Tragically, Jesse died three weeks later. Ellen’s hopes and affections were brutally broken, but that’s nowhere near the end of the story.

The real story is that my daughter loved, and she was beautiful.

Long before she met Jesse, she was preparing to love. She read books about parakeets, poured over articles she found on the web, trial-ballooned owning a parakeet while at dinner (“They’re really good pets and don’t need much care, you know.”) watched and got acquainted with one at a friend’s house, and more. So when we brought it to her at Christmas, her affection found a place to go.

And Ellen was stunning. She read aloud to Jesse for hours and hours, with great inflection and feeling. She made sure we all held him at various times during the day in order to ensure we all got along together. She built a tree perch for him, patiently weaned him off an inferior food and onto a superior one, provided a perfect sleeping environment, and spoke calmly and soothingly to him throughout the day. She even made a web page about him. But all the while she was about Jesse, the story was really about Ellen and what love did for her. Really, my daughter lived in a way she had not before, and she was a beauty to behold.
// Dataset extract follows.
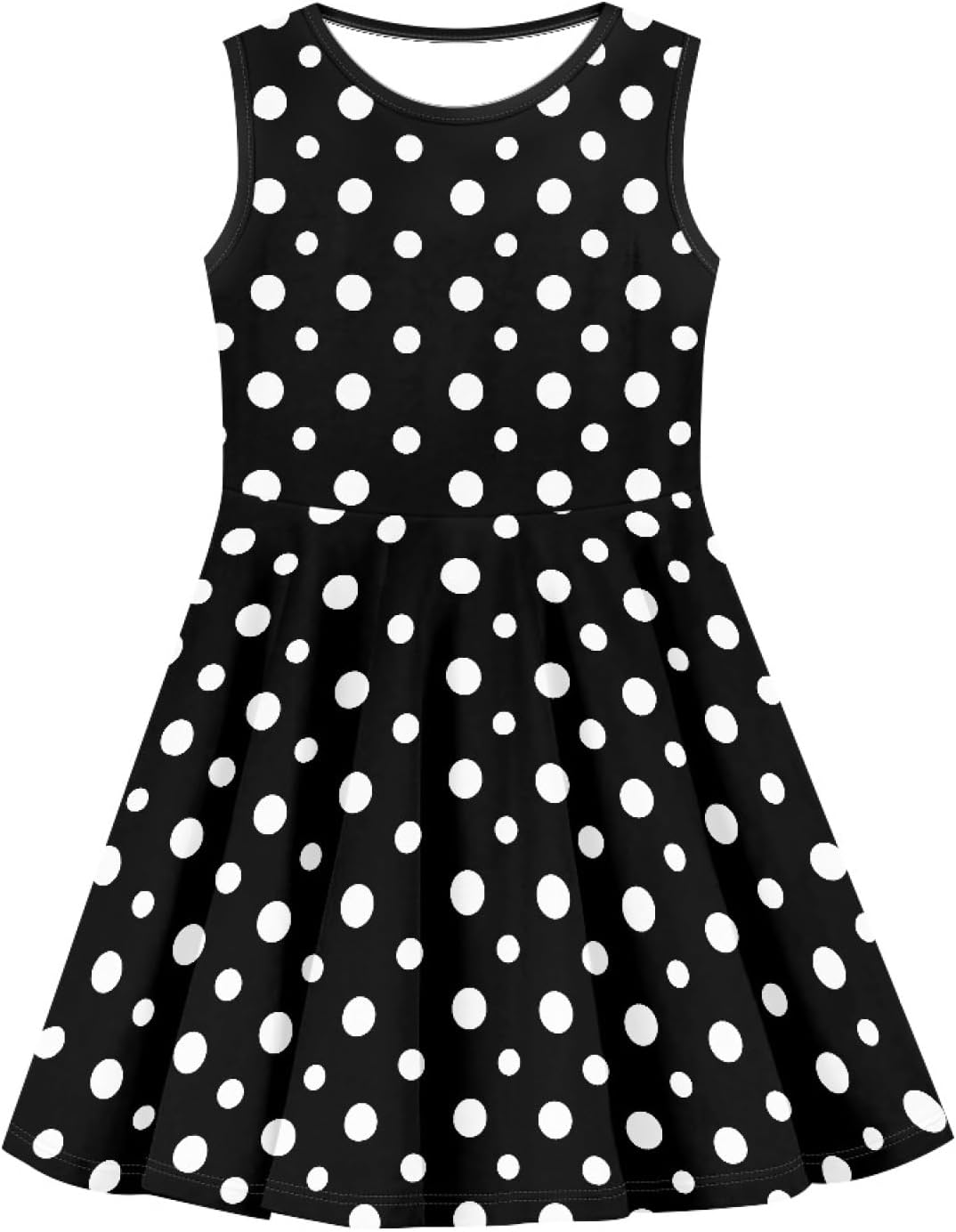 KiuLoam Girls Dresses Kids Summer Sleeveless Dress Beach Sundresses Girls Casual Party Dresses Size 3-16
And then came Jesse’s end.

Aside from the immediate trauma, my daughter’s flowering love suddenly had nowhere to go. We cried and grieved together, and had a funeral for Jesse a few days later. And we thanked God for the best part about Jesse—Ellen loved.

To love was worth it.

I have seen boys and men, girls and women, mourn the loss of a pet, including guppies and goldfish, cats and dogs, horses and ducks, birds and ferrets, rabbits and rats. I knew some of those pets, and sometimes I wondered how the owner could have loved it in the first place. In my view, it was a nasty demand on their life.
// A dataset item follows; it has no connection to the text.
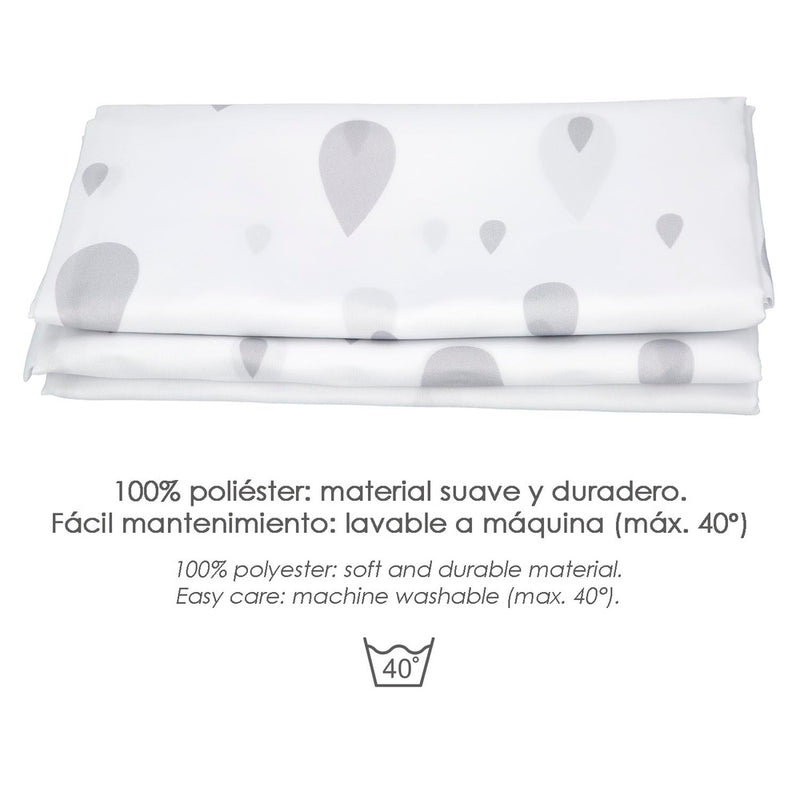 Cortina ducha gotas gris 180x200 cm. impermeable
Yet in each case the beauty wasn’t in the pet, but in the person loving. And what Paul wrote is proven true again—it’s great to love. Without it we don’t live; we have nothing. (1 Cor 13:2,3; 14:1)

Learning the way of love is tough—Ellen would tell you. Love won’t take you anywhere and there is no place for it to arrive and it won’t make a house payment. But it sure lets a person be beautiful.

And that’s worth it.

“And now these three remain: faith, hope and love. But the greatest of these is love.”
(1 Cor 13:13 NIV)


  1. Anonymous4:41 PM

    Ralph, thank you. Setting in motion your daughter's relationship with Jesse's and his inevitable demise was a courageous act on the part of 2 loving parents. We want to protect our children from pain, but as you stated so beautifully, it's better to learn the ways of love. Loving the material always includes loss, leading us to discover the love that is ever present.

  2. Anonymous4:43 PM

    Thanks for sharing, Ralph. Always love reading your thoughts. What a blessing.